### INPUT DATA
..............................

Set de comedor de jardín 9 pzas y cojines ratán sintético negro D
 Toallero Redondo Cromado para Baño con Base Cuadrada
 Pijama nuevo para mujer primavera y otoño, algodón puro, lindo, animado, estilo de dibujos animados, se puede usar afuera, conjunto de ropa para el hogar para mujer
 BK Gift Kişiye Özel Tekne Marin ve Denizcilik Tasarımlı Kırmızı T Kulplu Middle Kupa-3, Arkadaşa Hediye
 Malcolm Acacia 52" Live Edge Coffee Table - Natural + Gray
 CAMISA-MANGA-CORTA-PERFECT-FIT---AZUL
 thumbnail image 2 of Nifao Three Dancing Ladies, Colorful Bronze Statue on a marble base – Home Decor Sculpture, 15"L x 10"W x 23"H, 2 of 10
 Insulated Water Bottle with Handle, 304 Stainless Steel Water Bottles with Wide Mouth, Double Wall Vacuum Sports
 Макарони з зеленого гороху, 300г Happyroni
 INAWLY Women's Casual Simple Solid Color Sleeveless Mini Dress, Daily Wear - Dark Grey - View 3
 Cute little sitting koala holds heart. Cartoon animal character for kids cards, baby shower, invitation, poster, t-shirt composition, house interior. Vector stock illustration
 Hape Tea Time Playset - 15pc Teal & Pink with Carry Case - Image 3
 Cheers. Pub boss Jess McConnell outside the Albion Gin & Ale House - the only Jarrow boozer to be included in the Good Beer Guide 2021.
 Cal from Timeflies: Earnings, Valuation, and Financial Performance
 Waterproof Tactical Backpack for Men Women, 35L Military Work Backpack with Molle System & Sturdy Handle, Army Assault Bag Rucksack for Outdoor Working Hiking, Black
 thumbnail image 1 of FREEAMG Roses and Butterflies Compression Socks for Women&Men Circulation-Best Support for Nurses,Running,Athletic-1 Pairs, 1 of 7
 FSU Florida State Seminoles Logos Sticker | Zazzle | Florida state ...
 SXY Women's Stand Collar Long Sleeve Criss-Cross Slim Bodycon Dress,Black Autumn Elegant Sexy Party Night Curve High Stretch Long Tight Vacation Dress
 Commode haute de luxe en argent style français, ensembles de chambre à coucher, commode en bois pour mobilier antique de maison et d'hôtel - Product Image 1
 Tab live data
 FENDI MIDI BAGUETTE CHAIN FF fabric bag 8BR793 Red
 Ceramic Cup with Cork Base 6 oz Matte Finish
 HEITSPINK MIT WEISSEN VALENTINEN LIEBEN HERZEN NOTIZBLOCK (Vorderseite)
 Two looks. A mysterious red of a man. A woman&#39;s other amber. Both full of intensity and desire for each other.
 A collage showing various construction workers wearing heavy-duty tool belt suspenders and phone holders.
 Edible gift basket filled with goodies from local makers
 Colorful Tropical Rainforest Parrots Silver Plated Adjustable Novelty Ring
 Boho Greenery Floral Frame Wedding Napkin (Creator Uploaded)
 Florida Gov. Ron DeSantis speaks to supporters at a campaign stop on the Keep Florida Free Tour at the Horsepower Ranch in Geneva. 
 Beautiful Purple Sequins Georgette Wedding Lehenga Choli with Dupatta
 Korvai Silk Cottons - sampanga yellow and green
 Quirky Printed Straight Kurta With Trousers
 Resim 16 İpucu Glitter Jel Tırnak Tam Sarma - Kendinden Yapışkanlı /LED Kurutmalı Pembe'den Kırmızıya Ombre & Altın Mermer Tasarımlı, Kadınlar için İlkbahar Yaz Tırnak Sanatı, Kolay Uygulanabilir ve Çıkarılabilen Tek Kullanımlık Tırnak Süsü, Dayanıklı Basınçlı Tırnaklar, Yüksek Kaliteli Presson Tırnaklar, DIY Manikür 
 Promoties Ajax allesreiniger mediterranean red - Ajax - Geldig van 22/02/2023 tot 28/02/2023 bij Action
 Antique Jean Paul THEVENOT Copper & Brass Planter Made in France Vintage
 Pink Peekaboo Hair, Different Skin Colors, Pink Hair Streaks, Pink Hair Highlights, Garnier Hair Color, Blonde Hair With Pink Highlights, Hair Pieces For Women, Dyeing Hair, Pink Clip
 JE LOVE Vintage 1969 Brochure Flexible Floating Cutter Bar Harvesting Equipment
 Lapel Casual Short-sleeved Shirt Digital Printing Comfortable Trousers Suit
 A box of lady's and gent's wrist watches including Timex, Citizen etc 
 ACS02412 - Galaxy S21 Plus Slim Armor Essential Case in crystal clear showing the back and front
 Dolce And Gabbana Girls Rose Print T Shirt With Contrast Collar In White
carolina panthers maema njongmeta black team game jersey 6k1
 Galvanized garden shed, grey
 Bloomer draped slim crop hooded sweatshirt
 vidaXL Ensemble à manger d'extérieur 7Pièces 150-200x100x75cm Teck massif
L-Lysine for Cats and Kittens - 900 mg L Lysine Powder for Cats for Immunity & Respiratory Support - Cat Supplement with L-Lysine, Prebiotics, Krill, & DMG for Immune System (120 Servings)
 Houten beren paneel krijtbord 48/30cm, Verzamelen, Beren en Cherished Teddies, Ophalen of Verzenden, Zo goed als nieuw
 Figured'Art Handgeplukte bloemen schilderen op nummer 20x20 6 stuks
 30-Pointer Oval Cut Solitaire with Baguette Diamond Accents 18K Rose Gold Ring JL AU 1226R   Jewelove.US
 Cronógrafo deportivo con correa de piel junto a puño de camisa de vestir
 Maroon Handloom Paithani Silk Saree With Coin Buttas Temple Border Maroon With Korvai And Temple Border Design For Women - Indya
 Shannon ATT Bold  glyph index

..............................

### YOUR INSTRUCTIONS
Now that the records have been shown, restate each one word for word.

### ANSWER BOX
Set de comedor de jardín 9 pzas y cojines ratán sintético negro D
 Toallero Redondo Cromado para Baño con Base Cuadrada
 Pijama nuevo para mujer primavera y otoño, algodón puro, lindo, animado, estilo de dibujos animados, se puede usar afuera, conjunto de ropa para el hogar para mujer
 BK Gift Kişiye Özel Tekne Marin ve Denizcilik Tasarımlı Kırmızı T Kulplu Middle Kupa-3, Arkadaşa Hediye
 Malcolm Acacia 52" Live Edge Coffee Table - Natural + Gray
 CAMISA-MANGA-CORTA-PERFECT-FIT---AZUL
 thumbnail image 2 of Nifao Three Dancing Ladies, Colorful Bronze Statue on a marble base – Home Decor Sculpture, 15"L x 10"W x 23"H, 2 of 10
 Insulated Water Bottle with Handle, 304 Stainless Steel Water Bottles with Wide Mouth, Double Wall Vacuum Sports
 Макарони з зеленого гороху, 300г Happyroni
 INAWLY Women's Casual Simple Solid Color Sleeveless Mini Dress, Daily Wear - Dark Grey - View 3
 Cute little sitting koala holds heart. Cartoon animal character for kids cards, baby shower, invitation, poster, t-shirt composition, house interior. Vector stock illustration
 Hape Tea Time Playset - 15pc Teal & Pink with Carry Case - Image 3
 Cheers. Pub boss Jess McConnell outside the Albion Gin & Ale House - the only Jarrow boozer to be included in the Good Beer Guide 2021.
 Cal from Timeflies: Earnings, Valuation, and Financial Performance
 Waterproof Tactical Backpack for Men Women, 35L Military Work Backpack with Molle System & Sturdy Handle, Army Assault Bag Rucksack for Outdoor Working Hiking, Black
 thumbnail image 1 of FREEAMG Roses and Butterflies Compression Socks for Women&Men Circulation-Best Support for Nurses,Running,Athletic-1 Pairs, 1 of 7
 FSU Florida State Seminoles Logos Sticker | Zazzle | Florida state ...
 SXY Women's Stand Collar Long Sleeve Criss-Cross Slim Bodycon Dress,Black Autumn Elegant Sexy Party Night Curve High Stretch Long Tight Vacation Dress
 Commode haute de luxe en argent style français, ensembles de chambre à coucher, commode en bois pour mobilier antique de maison et d'hôtel - Product Image 1
 Tab live data
 FENDI MIDI BAGUETTE CHAIN FF fabric bag 8BR793 Red
 Ceramic Cup with Cork Base 6 oz Matte Finish
 HEITSPINK MIT WEISSEN VALENTINEN LIEBEN HERZEN NOTIZBLOCK (Vorderseite)
 Two looks. A mysterious red of a man. A woman&#39;s other amber. Both full of intensity and desire for each other.
 A collage showing various construction workers wearing heavy-duty tool belt suspenders and phone holders.
 Edible gift basket filled with goodies from local makers
 Colorful Tropical Rainforest Parrots Silver Plated Adjustable Novelty Ring
 Boho Greenery Floral Frame Wedding Napkin (Creator Uploaded)
 Florida Gov. Ron DeSantis speaks to supporters at a campaign stop on the Keep Florida Free Tour at the Horsepower Ranch in Geneva. 
 Beautiful Purple Sequins Georgette Wedding Lehenga Choli with Dupatta
 Korvai Silk Cottons - sampanga yellow and green
 Quirky Printed Straight Kurta With Trousers
 Resim 16 İpucu Glitter Jel Tırnak Tam Sarma - Kendinden Yapışkanlı /LED Kurutmalı Pembe'den Kırmızıya Ombre & Altın Mermer Tasarımlı, Kadınlar için İlkbahar Yaz Tırnak Sanatı, Kolay Uygulanabilir ve Çıkarılabilen Tek Kullanımlık Tırnak Süsü, Dayanıklı Basınçlı Tırnaklar, Yüksek Kaliteli Presson Tırnaklar, DIY Manikür 
 Promoties Ajax allesreiniger mediterranean red - Ajax - Geldig van 22/02/2023 tot 28/02/2023 bij Action
 Antique Jean Paul THEVENOT Copper & Brass Planter Made in France Vintage
 Pink Peekaboo Hair, Different Skin Colors, Pink Hair Streaks, Pink Hair Highlights, Garnier Hair Color, Blonde Hair With Pink Highlights, Hair Pieces For Women, Dyeing Hair, Pink Clip
 JE LOVE Vintage 1969 Brochure Flexible Floating Cutter Bar Harvesting Equipment
 Lapel Casual Short-sleeved Shirt Digital Printing Comfortable Trousers Suit
 A box of lady's and gent's wrist watches including Timex, Citizen etc 
 ACS02412 - Galaxy S21 Plus Slim Armor Essential Case in crystal clear showing the back and front
 Dolce And Gabbana Girls Rose Print T Shirt With Contrast Collar In White
carolina panthers maema njongmeta black team game jersey 6k1
 Galvanized garden shed, grey
 Bloomer draped slim crop hooded sweatshirt
 vidaXL Ensemble à manger d'extérieur 7Pièces 150-200x100x75cm Teck massif
L-Lysine for Cats and Kittens - 900 mg L Lysine Powder for Cats for Immunity & Respiratory Support - Cat Supplement with L-Lysine, Prebiotics, Krill, & DMG for Immune System (120 Servings)
 Houten beren paneel krijtbord 48/30cm, Verzamelen, Beren en Cherished Teddies, Ophalen of Verzenden, Zo goed als nieuw
 Figured'Art Handgeplukte bloemen schilderen op nummer 20x20 6 stuks
 30-Pointer Oval Cut Solitaire with Baguette Diamond Accents 18K Rose Gold Ring JL AU 1226R   Jewelove.US
 Cronógrafo deportivo con correa de piel junto a puño de camisa de vestir
 Maroon Handloom Paithani Silk Saree With Coin Buttas Temple Border Maroon With Korvai And Temple Border Design For Women - Indya
 Shannon ATT Bold  glyph index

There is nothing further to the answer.